After checking into our hotel and getting a good night’s rest, we had our game plan for the next two weeks. Our team of 20 would be further divided among vehicles and even further divided into teams of three or four people. Each day, our vans would take us across the island to different schools, some as far as an hour away. Driving across the hilly, snaking roads was not for the faint of heart, but once we arrived at a school, we quickly went into action. Our smaller teams would begin by going into classrooms, distributing toothbrushes, toothpaste, and brushing logs to teachers. Children were taught how to brush and prevent tooth decay, followed up by a fluoride varnish. In addition, our team offered oral health education workshops for parents, teachers, nurses, and the island’s public health dental personnel. Parents were shocked to know the number of Grenadian children with dental caries. They were eager to have their children participate in the program and help improve oral health.
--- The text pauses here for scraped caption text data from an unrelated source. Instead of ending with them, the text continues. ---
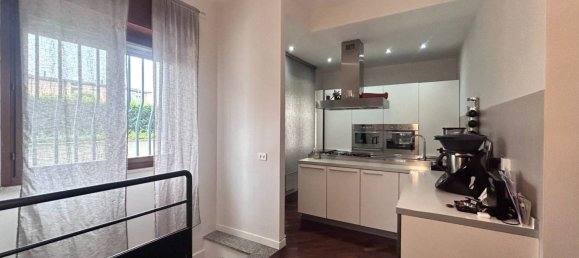 Квартира с 2 спальнями в Монца, Италия № 318973 12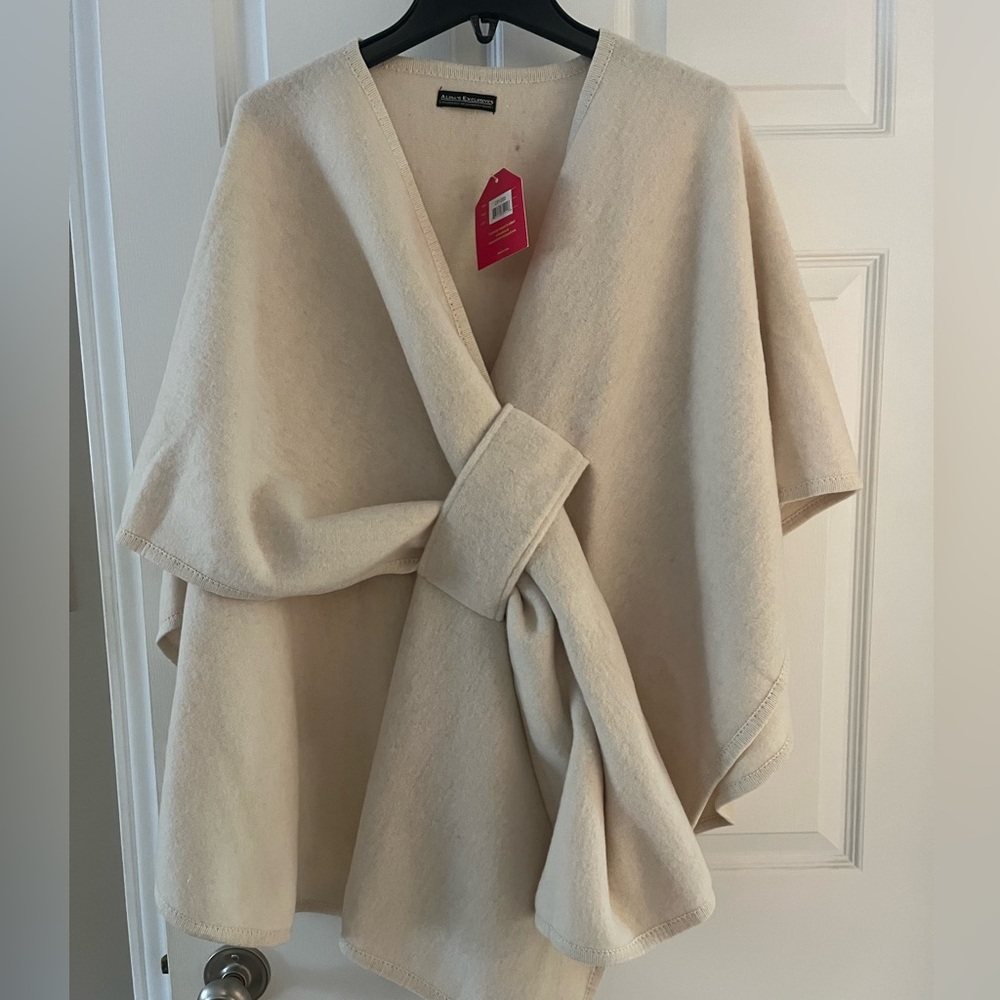 Women’s Cozy Wrap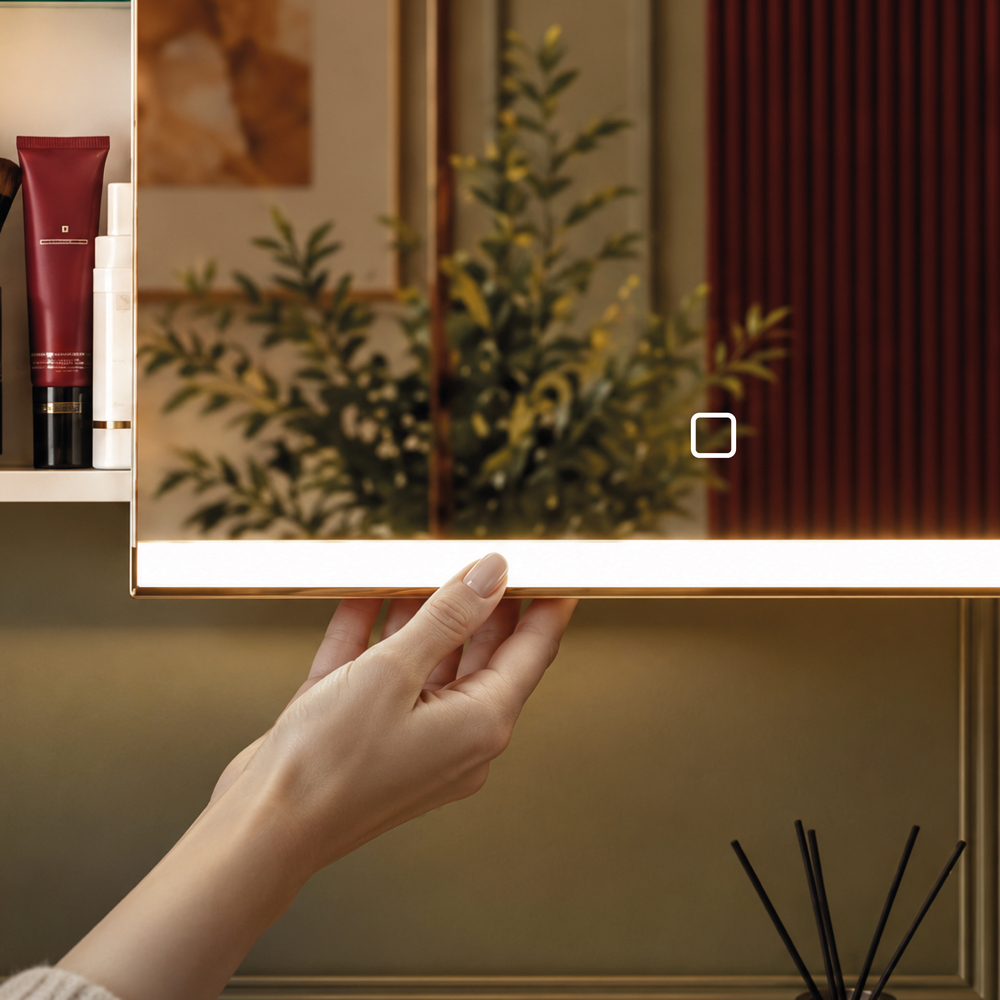 Шкаф зеркальный COSMETIC Light -120 белый Alavann 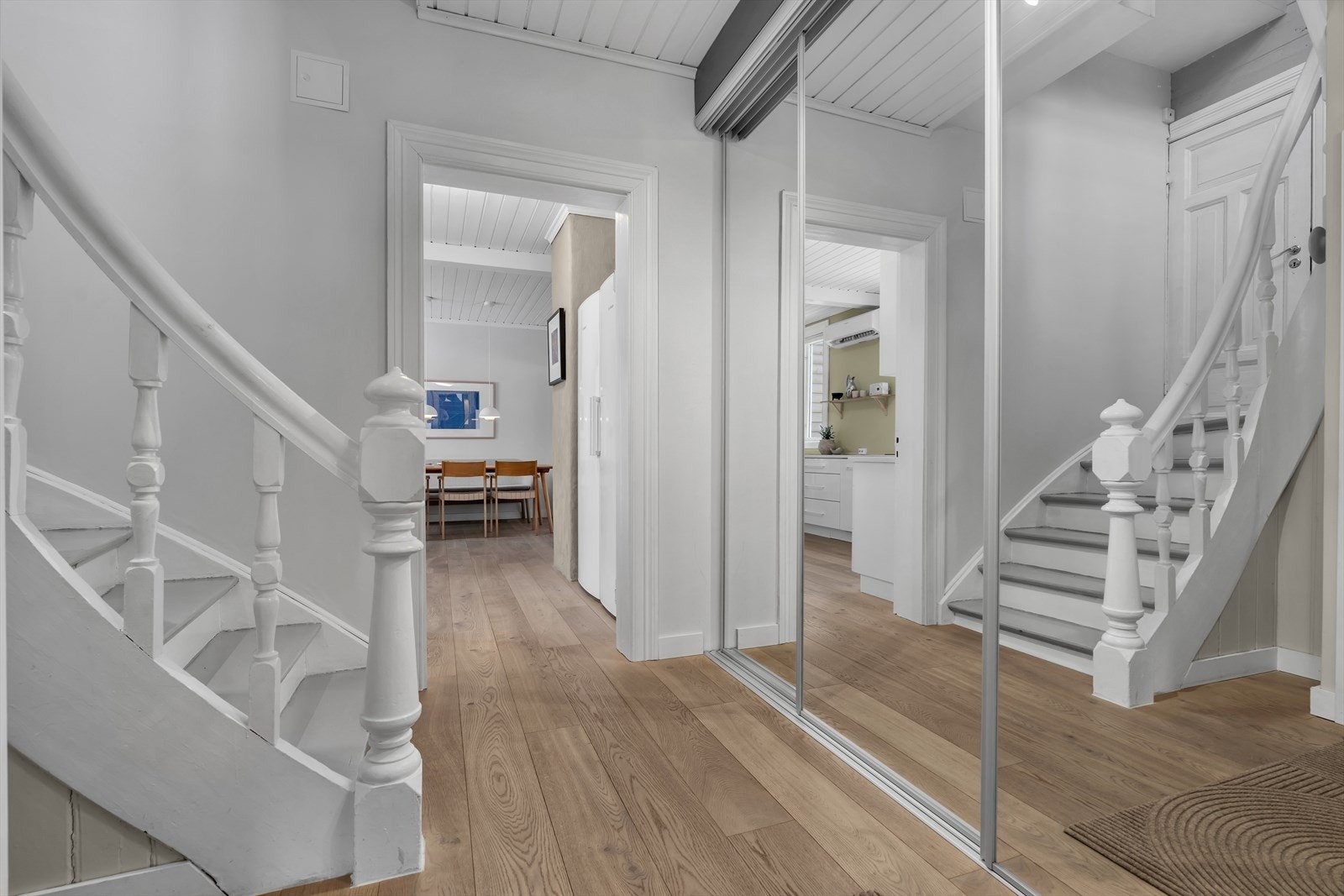 Gang med god skapplass og speil som gir en god romfølelse. Galleribilde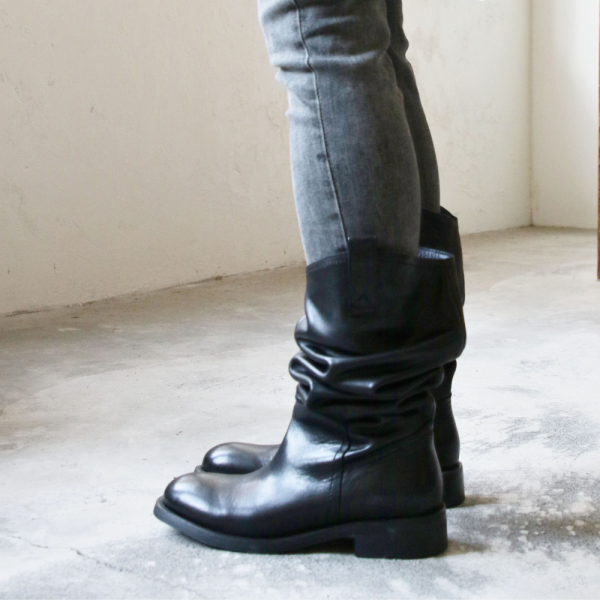 【快速到貨】世界系列_大人穿的柔軟牛皮寬筒堆堆靴 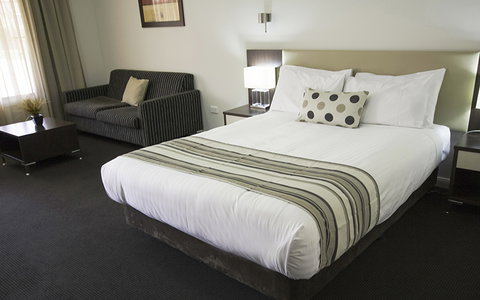 Best Western Plus Charles Sturt Suites And Apartments - Stayed 8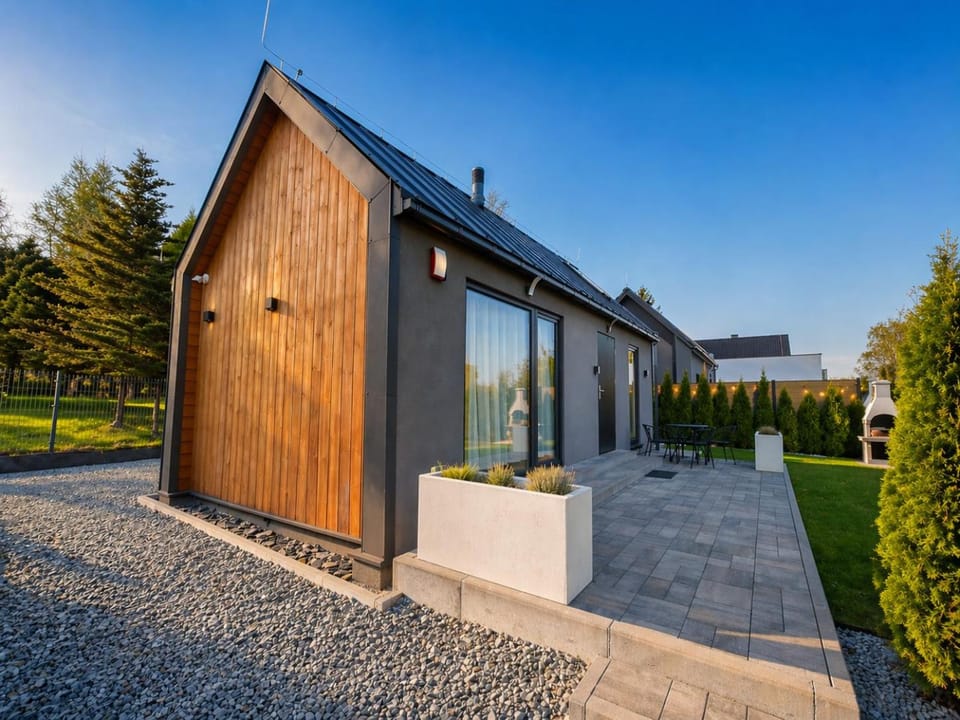 Property building, BBQ facilities, Garden, Balcony/Terrace
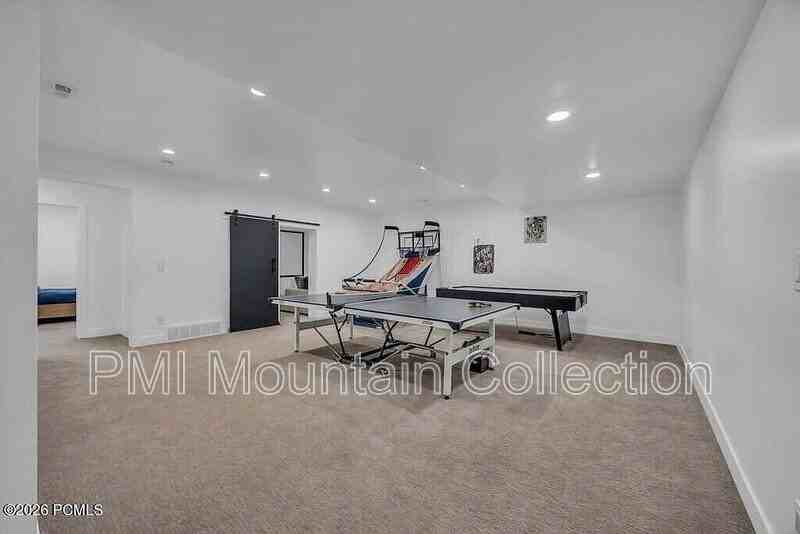 846 Es - Photo 6 of 50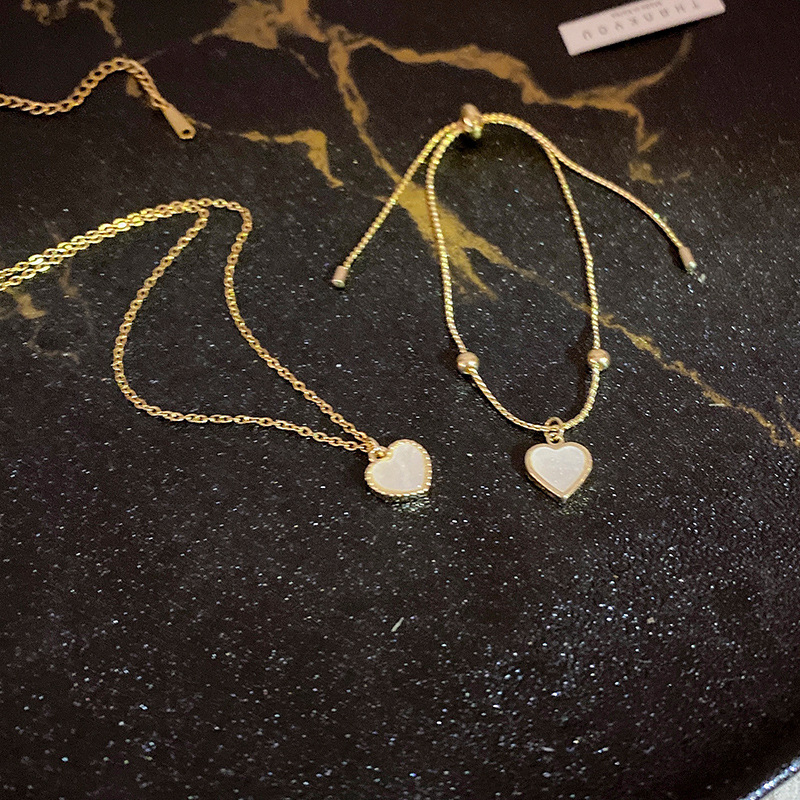 The new Korean version mother-of-pearl heart-shaped combination necklace is a fashionable, niche and high-end design for women. It is a versatile collarbone chain accessory full figure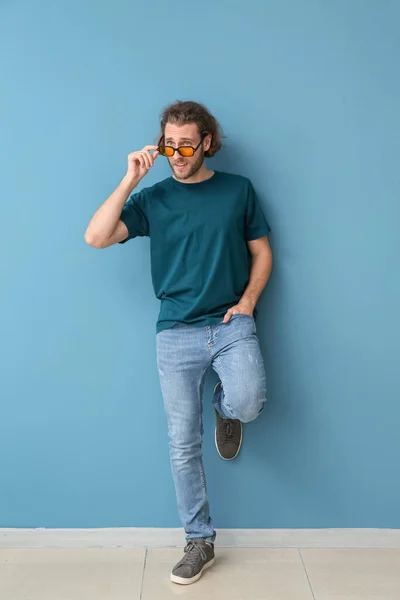 Beau Jeune Homme Shirt Élégant Sur Fond Bleu — Photo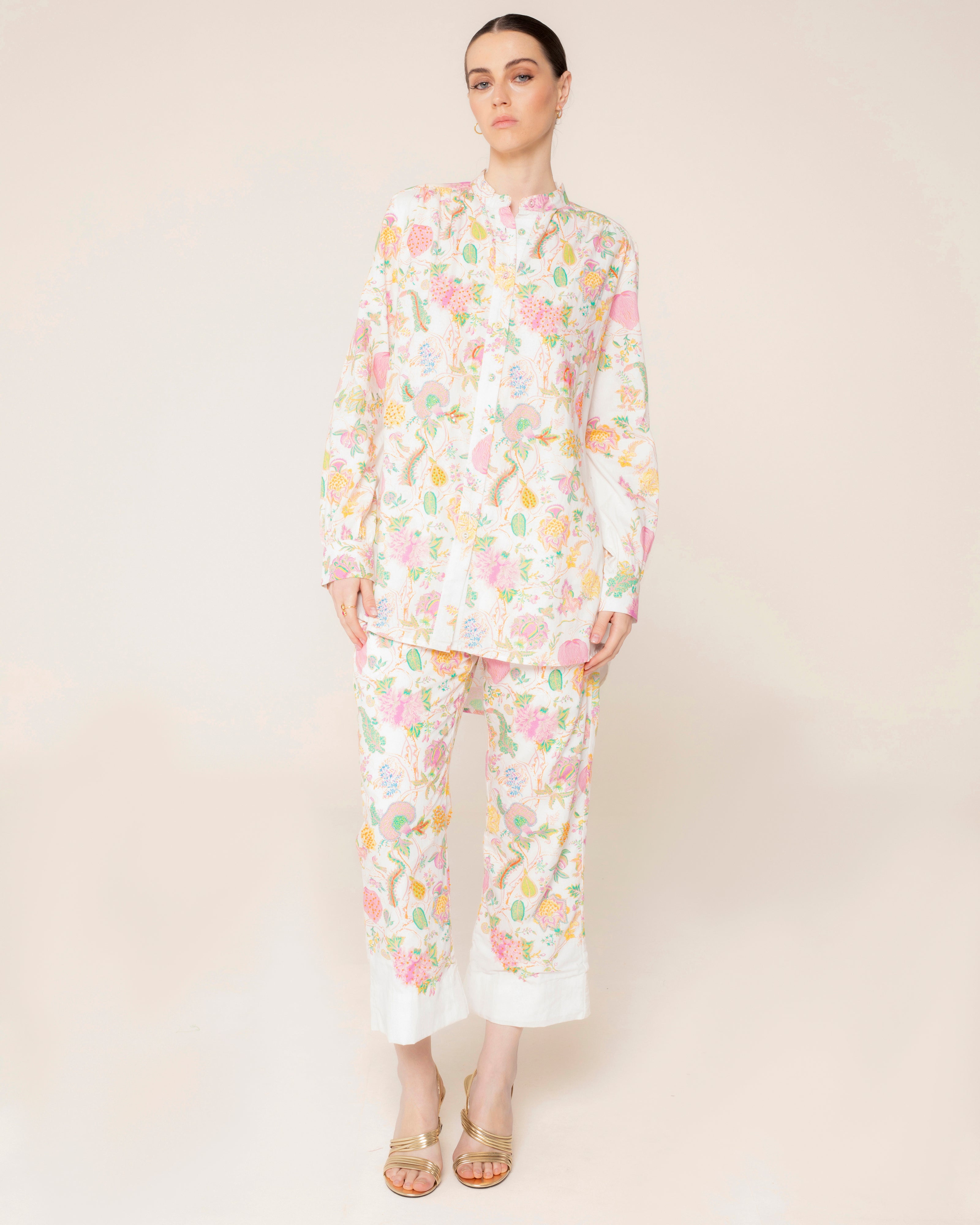 Camisa Bordada com Estampado Floral Branco-1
On a good day, we saw a few thousand children; the only bad days were when we found ourselves all the way across the other side of the island at the end of the day and knew we had another long, crazy van ride back to the hotel.

Since our trip, follow-up visits to the island have continued to provide fluoride varnish and toothbrushing logs at each school. On our most recent trip, we incorporated a sealant program for the kindergarten through third grades. We will continue our visits until 2013, at which time we will conduct another oral health survey to evaluate our program. I am confident at that time that we will see a reduction in new caries. It is exciting to think that we might have improved the oral health of an entire country and that children might grow up to live healthier lives in part because of these efforts.

Professor Cynthia J. Howard is a clinical assistant professor at the New York University College of Dentistry Department of Dental Hygiene. Professor Jill B. Fernandez is a clinical associate professor and director of global pediatric outreach and prevention programs at the New York University College of Dentistry Department of Pediatric Dentistry.